* [Records shown]:

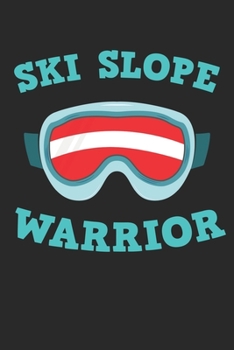 Trainingsbuch für Skifahrer: Stetige Verbesserung mit diesem Trainigstagebuch ? Vorlage für über 100 Trainigstage ? Planen, üben, umsetzen ? 6x9 Format ? Motiv: Ski slope warrior 12 (German Edition)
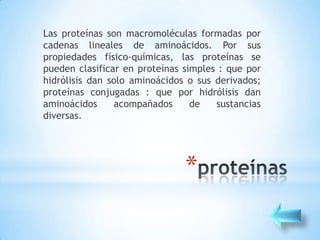 Las proteínas son macromoléculas formadas por
cadenas lineales de aminoácidos. Por sus
propiedades físico-químicas, las proteínas se
pueden clasificar en proteínas simples : que por
hidrólisis dan solo aminoácidos o sus derivados;
proteínas conjugadas : que por hidrólisis dan
aminoácidos     acompañados      de   sustancias
diversas.




                               *
 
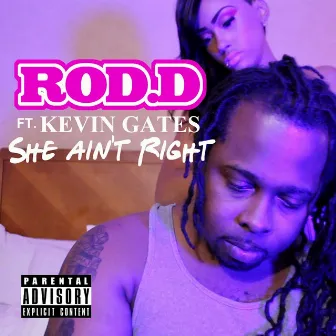 She Ain't Right by Rod D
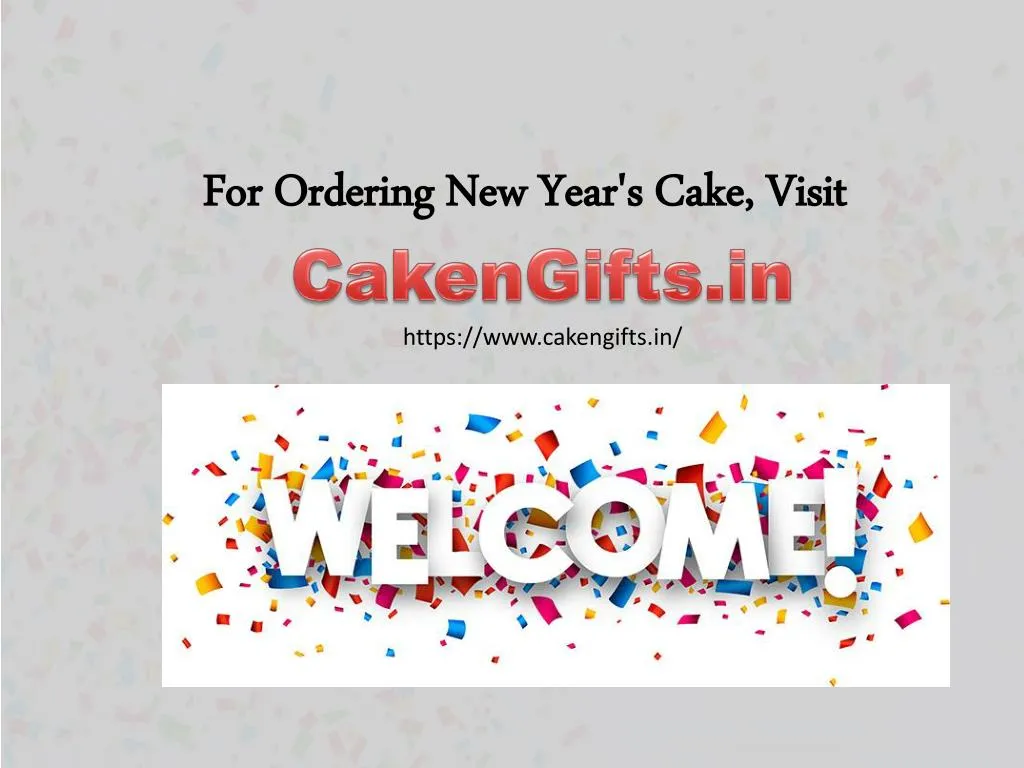 for ordering new year s cake visit
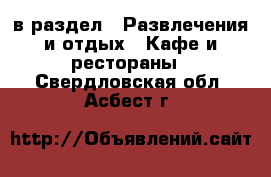  в раздел : Развлечения и отдых » Кафе и рестораны . Свердловская обл.,Асбест г.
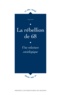 Louis Gruel - La Rébellion de 68 - Une relecture sociologique.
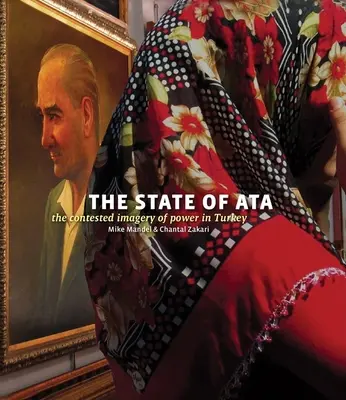 Mike Mandel & Chantal Zakari: Az Ata állapota: The Contested Imagery of Power in Turkey [füzetben] - Mike Mandel & Chantal Zakari: The State of Ata: The Contested Imagery of Power in Turkey [With Booklet]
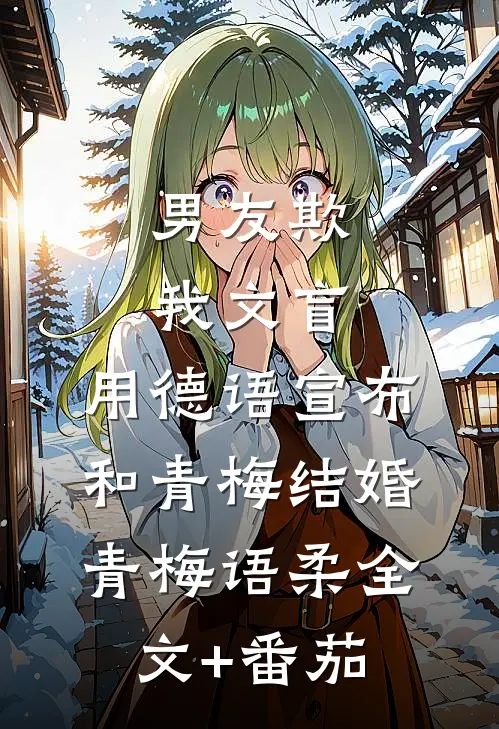 男友欺我文盲，用德语宣布和青梅结婚青梅语柔全文+番茄
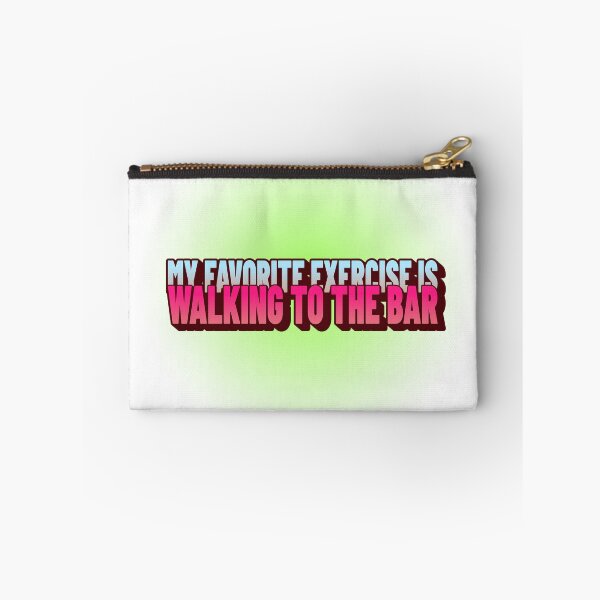 Item preview, My Favorite Exercise is walking to the bar   designed and sold by CreationsbYKz.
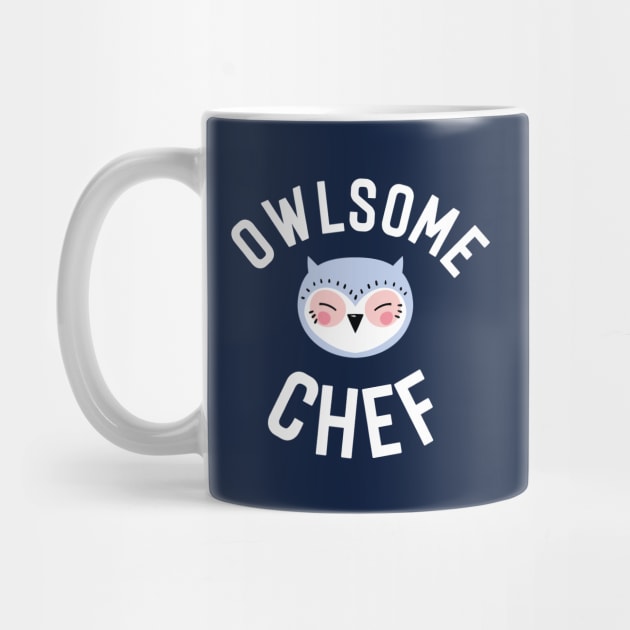 Owlsome Chef Pun - Funny Gift Idea by BetterManufaktur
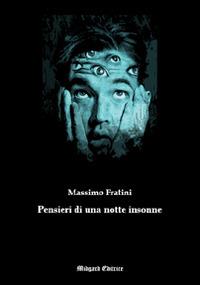 Pensieri di una notte insonne - Massimo Fratini - Libro Midgard 2016, Narrativa | Libraccio.it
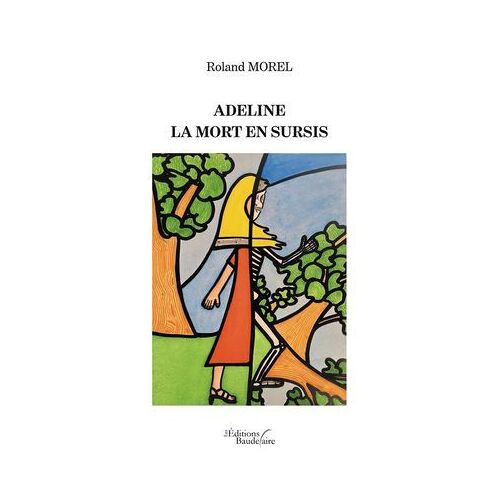 Adeline - La Mort En Sursis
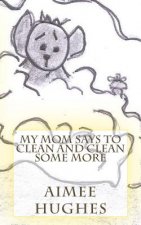 My Mom Says To Clean and Clean Some More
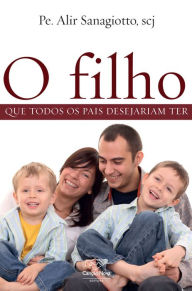 Title: O filho que todos os pais desejariam ter, Author: Padre Alir Sanagiotto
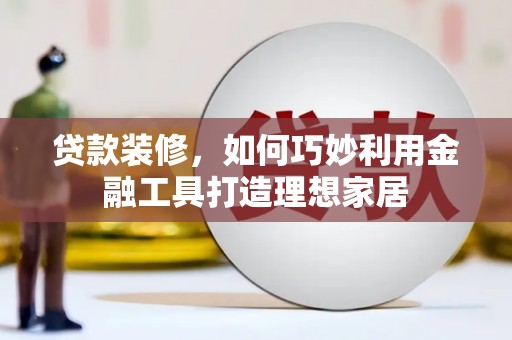 爱民贷款装修，如何巧妙利用金融工具打造理想家居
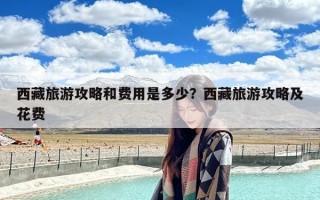 西藏旅游攻略和费用是多少？西藏旅游攻略及花费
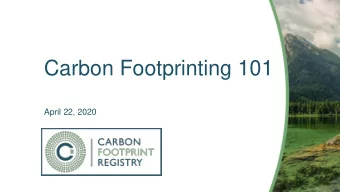 Carbon Footprinting 101  April 22, 2020  Housekeeping  All attendees are muted  Q&amp;A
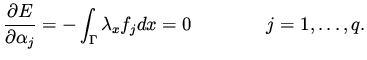 $\displaystyle \frac{\partial E}{\partial \alpha _j} = - \int _\Gamma \lambda _x f_j dx = 0 \qquad \qquad j=1, \dots , q.$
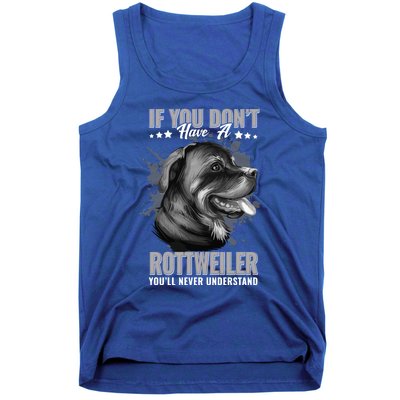 Dogs 365 Rottweiler You'll Never Understand Funny Gift Tank Top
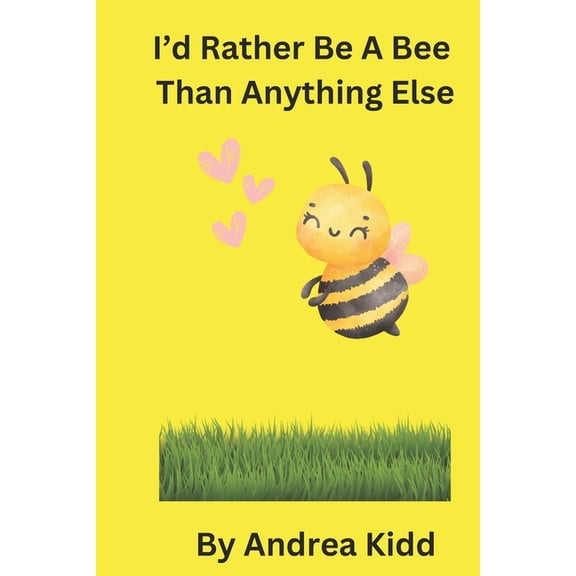 Id Rather Be A Bee Than Anything Else, (Paperback)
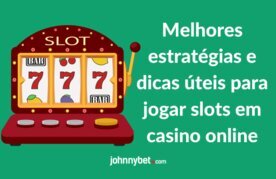 Slots em casino online estrategias para jogar e ganhar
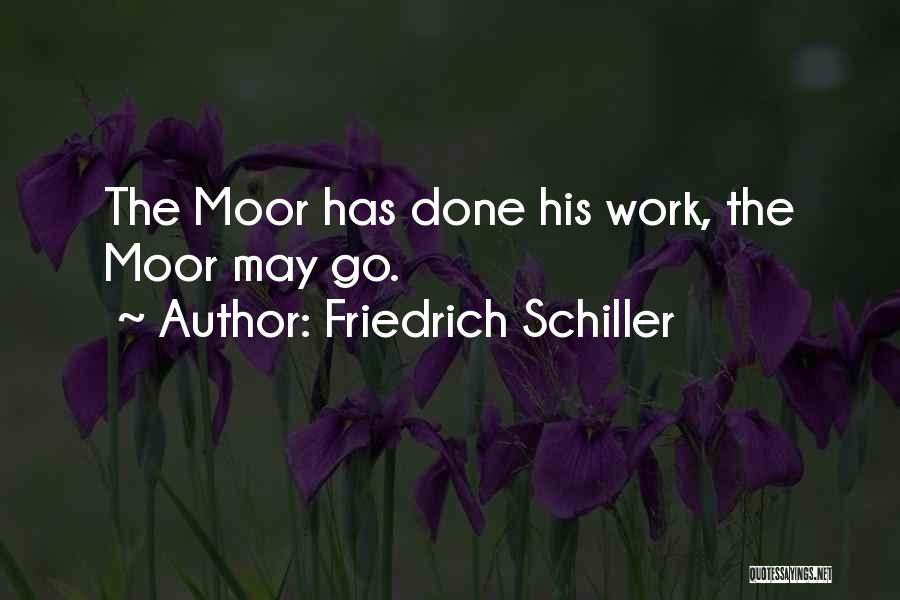 Friedrich Schiller Quotes: The Moor Has Done His Work, The Moor May Go.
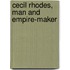 Cecil Rhodes, Man And Empire-Maker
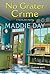 No Grater Crime (A Country Store Mystery) by Maddie Day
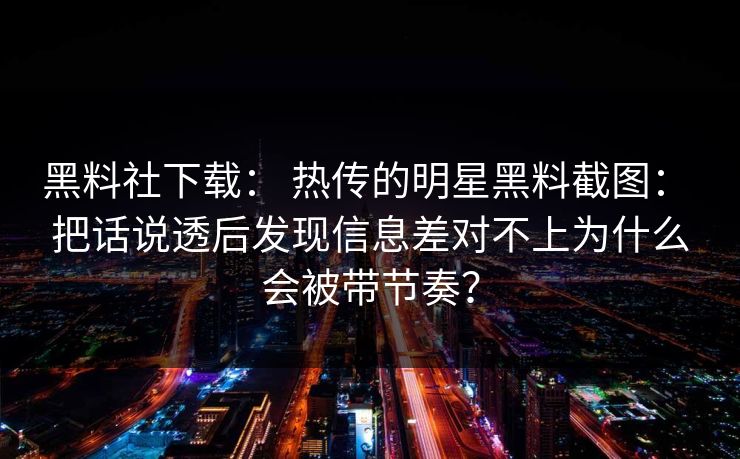 黑料社下载: 热传的明星黑料截图: 把话说透后发现信息差对不上为什么会被带节奏? 黑料社下载: 热传的明星黑料截图: 把话说透后发现信息差对不上为什么会被带节奏?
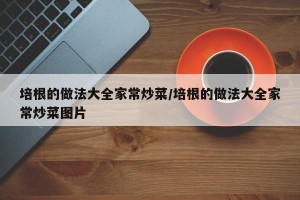 培根的做法大全家常炒菜/培根的做法大全家常炒菜图片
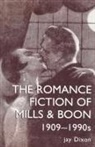 Jay Dixon, Jay Dixon, Jay Dixon. - The Romantic Fiction Of Mills & Boon, 1909-1995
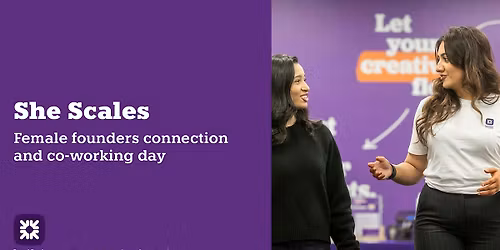 She Scales - Female Founders Connection and Co-Working Day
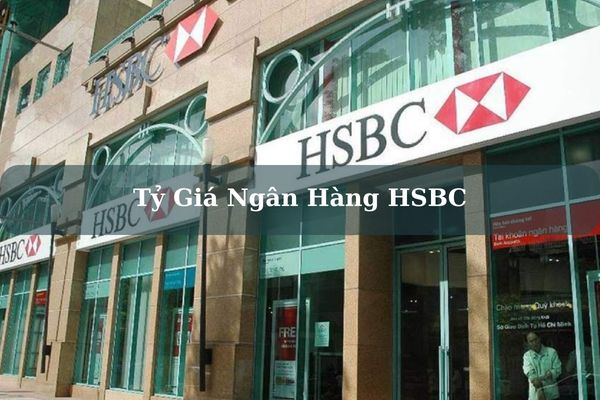 Cập Nhật Tỷ Giá Ngân Hàng HSBC Hôm Nay Chính Xác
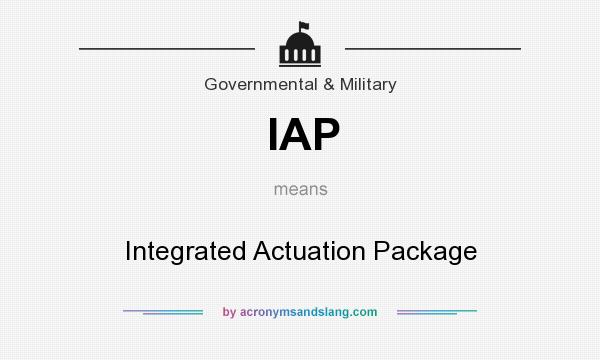 What does IAP mean? It stands for Integrated Actuation Package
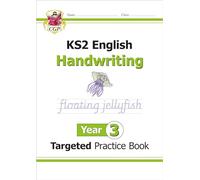 KS2 English Year 3 Handwriting Targeted Practice Book (CGP Year 3 English)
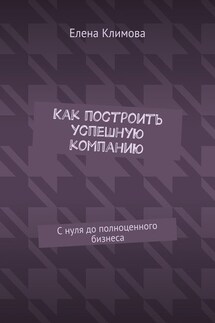 Как построить успешную компанию. С нуля до полноценного бизнеса - Елена Климова
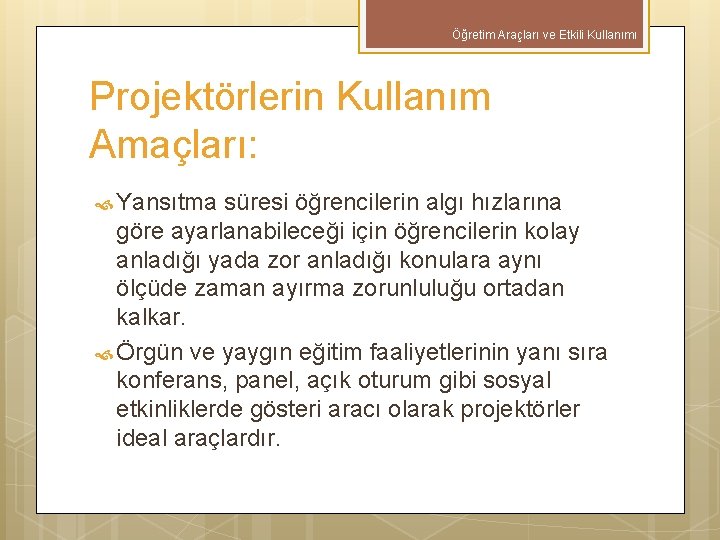 Öğretim Araçları ve Etkili Kullanımı Projektörlerin Kullanım Amaçları: Yansıtma süresi öğrencilerin algı hızlarına göre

* [Instructions for the task]: Report each line of the entries where the word "aminoácidos" occurs.

* [Finished exercise]:
cadenas lineales de aminoácidos. Por sus
hidrólisis dan solo aminoácidos o sus derivados;
aminoácidos     acompañados      de   sustancias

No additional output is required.